I versi del canto affascinano già dall’inizio: «Quanno nascette Ninno a Bettlemme/ Era nott’e pareva miezo juorno/ Maje le Stelle lustre e belle Se vedetteno accossí:/ E a cchiù lucente/ Jett'a chiammà li Magge all'Uriente./ De pressa se scetajeno l’aucielle/ Cantanno de na forma tutta nova:/ Pe ‘nsí agrille - co li strille,/  E zombanno a ccà e a llà;/ È nato, è nato,/ Decevano, lo Dio, che nc’à criato». È tutta la Creazione che rende omaggio alla nascita del Salvatore: gli uccelli con il loro canto, mentre le stelle – mai state così lucenti – per la tanta gioia corrono a chiamare i Re Magi affinché possano assistere anche loro a un evento così bello, la nascita di Gesù Bambino. Sono immagini poetiche che hanno tutta la tenerezza del Presepe: una madre, la Madre, culla il suo Bambino, mentre il mondo fiorisce di profumi e luci, di amore e pace.

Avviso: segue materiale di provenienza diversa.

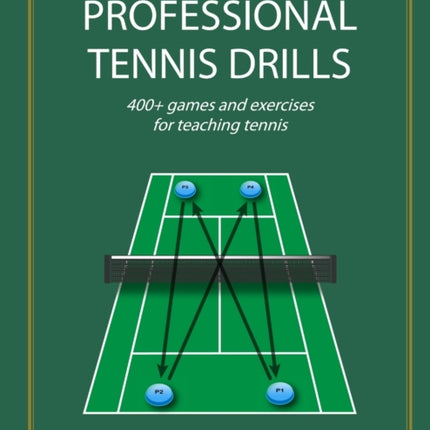 Professional Tennis Drills Letter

«Stille Nacht! Heilige Nacht!/ Alles schläft; einsam wacht/ Nur das traute hochheilige Paar./ Holder Knab´ im lockigen Haar,/ Schlafe in himmlischer Ruh!/ Schlafe in himmlischer Ruh!»: queste parole lette così potrebbero dire ben poco a meno che non si conosca il tedesco dell’800. Eppure questi versi costituiscono l’incipit della famosa canzone Astro del ciel che nella mente di ognuno fa riaffiorare immagini e ricordi, volti cari e scene innevate. Le parole furono scritte da un giovane sacerdote di Salisburgo, Josef Franz Mohr, che si trovava all’epoca in una chiesetta di Mariapfarr (piccolo comune vicino alla capitale austriaca) quando le compose.

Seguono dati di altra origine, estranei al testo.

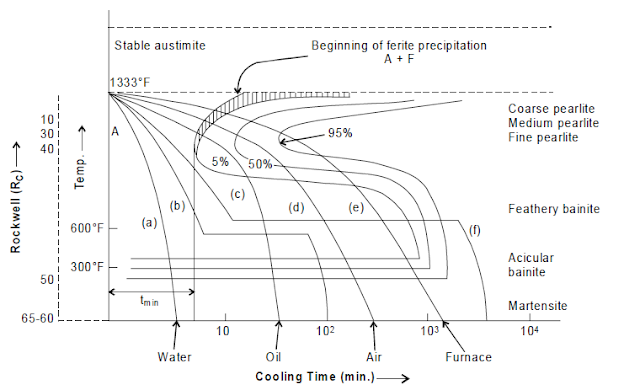 Series of different cooling rates curves in TTT diagram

La musica, invece, venne scritta da Franz Xaver Gruber, organista nella parrocchia di Oberndorf e maestro di musica. La prima esecuzione assoluta avvenne nella chiesa di St. Nikolaus di Oberndorf (ora non c’è più e in quel luogo sorge una piccola cappella) durante la messa della Vigilia di Natale del dicembre 1818, il giorno stesso in cui Gruber aveva composto la musica. Un episodio particolarmente commovente legato a questo canto avvenne nel ‘900, durante la Prima guerra mondiale. Siamo nel Natale del 1914 sul fronte occidentale: i soldati tedeschi durante il sanguinoso conflitto ad un certo punto interrompono le ostilità.

Un soldato intona le prime parole del canto, «Stille Nacht, heilige Nacht». Lo seguiranno poi i soldati inglesi rispondendo: «Silent night, holy night». Una canzone può cambiare il cuore: era quello l’inizio della cosiddetta “Tregua di Natale”. La versione italiana che cantiamo oggi risale al 1937 (pubblicata dalle edizioni musicali Carrara): si tratta di una traduzione non letterale di quella tedesca, scritta da don Angelo Meli, sacerdote bergamasco di grande cultura.

Il Bambino è nato e i pastori accorrono a contemplare la sua bellezza. È questo, in estrema sintesi, il tema del canto in latino Adeste Fideles, in italiano Venite fedeli:  «Adeste fideles laeti triumphantes,/ venite, venite in Bethlehem./ Natum videte Regem angelorum./  Venite adoremus, venite adoremus,/ venite adoremus Dominum». Rimane tutt’oggi assai complessa l’origine di questo famoso canto natalizio: ancora non è stata data una paternità sicura. Ciò che sappiamo con certezza è che Sir John Francis Wade, compositore e musicista inglese, lo trascrisse intorno al 1744, adattando alcune strofe (la prima, la quinta, la sesta e la settima) molto probabilmente da un canto irlandese. Altre strofe (quali la seconda, la terza e la quarta) vennero aggiunte nel 1794 da monsignor Étienne-Jean-François Borderies, vescovo, teologo e letterato francese. Infine, l’ultima strofa da un autore anonimo.

Di questa composizione ricordiamo, di solito, solamente la prima strofa eppure le altre – oltre alla loro bellezza poetica – conservano un importante significato spirituale: «Lo splendore eterno dell'Eterno Padre/ vedremo celato nella carne: Dio bambino, avvolto in fasce./  Scaldiamo con pii abbracci/ (lui che si è fatto) povero per noi e che giace sul fieno./ Chi non amerebbe a sua volta colui che ama noi in tal modo?». Una domanda che dovremmo porci non solo a Natale.